A destination of 0.0.0.0/0 in the DestinationCidrBlock means that all traffic that is trying to access the Internet needs to flow through the target, i.e. the IGW.

Finally, we can define our bastion host EC2 instance with the following template.

BastionInstance:
Type: AWS::EC2::Instance
Properties:
ImageId: !Ref EC2AMI
InstanceType: !Ref EC2InstanceType
KeyName: !Ref EC2KeyPairName
SubnetId: !Ref PublicSubnet
SecurityGroupIds:
- !Ref BastionSecurityGroup
Tags:
- Key: Name
Value: !Sub '${AWS::StackName}-bastion'
- Key: Project
Value: !Ref ProjectName

Step 4: Configure Private Subnets and Subnet Group

The database instance, as shown in the diagram above, is hosted in a private subnet so that it is securely protected from direct public Internet access.
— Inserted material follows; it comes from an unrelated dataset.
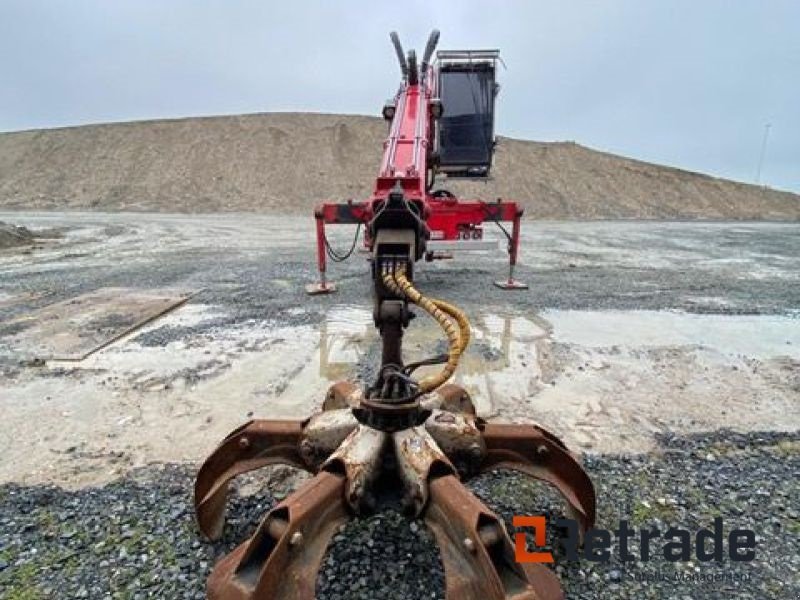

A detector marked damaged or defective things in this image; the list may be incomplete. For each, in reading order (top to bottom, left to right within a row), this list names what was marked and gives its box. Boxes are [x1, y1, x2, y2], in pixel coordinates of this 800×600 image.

rusty claw attachment [194, 384, 592, 600] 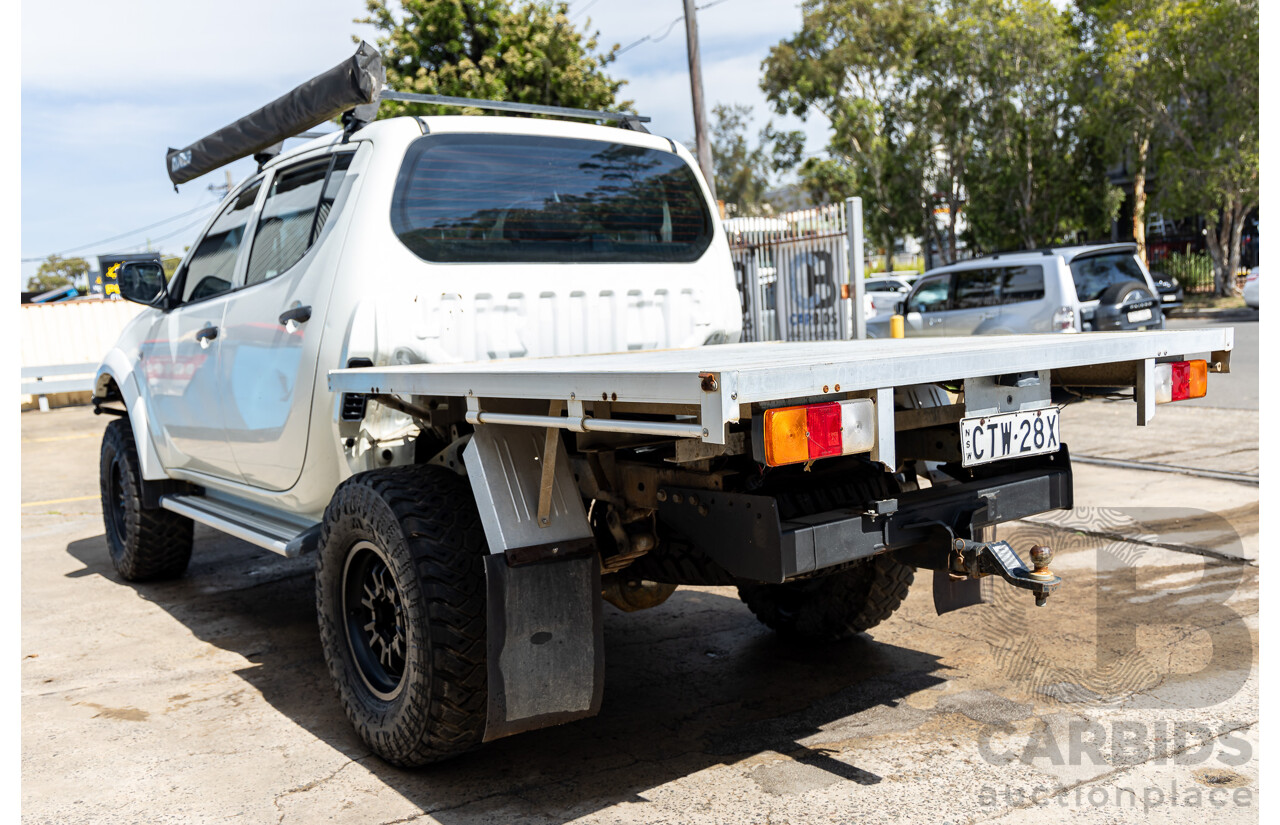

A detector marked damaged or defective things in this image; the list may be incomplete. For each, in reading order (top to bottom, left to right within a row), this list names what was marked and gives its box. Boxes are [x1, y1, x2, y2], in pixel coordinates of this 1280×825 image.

cracked concrete ground [22, 388, 1259, 818] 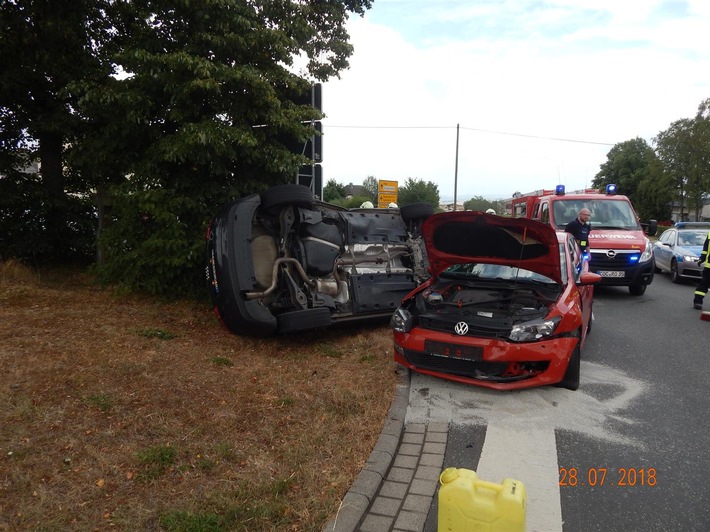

When we are creating a database instance, we need to provide something called a Subnet Group. Subnet group helps deploy our instances across multiple Availability Zones (AZs), providing high availability and fault tolerance. Hence, we need to create two private subnets in order to successfully setup our database cluster.

PrivateSubnet1:
Type: AWS::EC2::Subnet
Properties:
VpcId: !Ref VPC
AvailabilityZone: !Select [0, !GetAZs '']
CidrBlock: 38.0.128.0/20
Tags:
- Key: Name
Value: !Sub '${AWS::StackName}-vpc-private-subnet1'
- Key: AZ
Value: !Select [0, !GetAZs '']
- Key: Project
Value: !Ref ProjectName

PrivateSubnet2:
Type: AWS::EC2::Subnet
Properties:
VpcId: !Ref VPC
AvailabilityZone: !Select [1, !GetAZs '']
CidrBlock: 38.0.144.0/20
Tags:
- Key: Name
Value: !Sub '${AWS::StackName}-vpc-private-subnet2'
- Key: AZ
Value: !Select [1, !GetAZs '']
- Key: Project
Value: !Ref ProjectName

Even thought resources in private subnets should not be directly accessible from the internet, they still need to communicate with other resources within the VPC. Hence, route table is neccessary to define routes that enable this internal communication.

PrivateRouteTable1:
Type: AWS::EC2::RouteTable
Properties:
VpcId: !Ref VPC
Tags:
- Key: Name
Value: !Sub '${AWS::StackName}-route-table-private-1'
- Key: Project
Value: !Ref ProjectName

PrivateSubnetRouteTableAssociationAZ1:
Type: AWS::EC2::SubnetRouteTableAssociation
Properties:
RouteTableId: !Ref PrivateRouteTable1
SubnetId: !Ref PrivateSubnet1

PrivateRouteTable2:
Type: AWS::EC2::RouteTable
Properties:
VpcId: !Ref VPC
Tags:
- Key: Name
Value: !Sub '${AWS::StackName}-route-table-private-2'
- Key: Project
Value: !Ref ProjectName

PrivateSubnetRouteTableAssociationAZ2:
Type: AWS::EC2::SubnetRouteTableAssociation
Properties:
RouteTableId: !Ref PrivateRouteTable2
SubnetId: !Ref PrivateSubnet2

In this article, as shown in the diagram above, one of the private subnets is not used. The additional subnet makes it easier for us to switch to a Multi-AZ database instance deployment in the future.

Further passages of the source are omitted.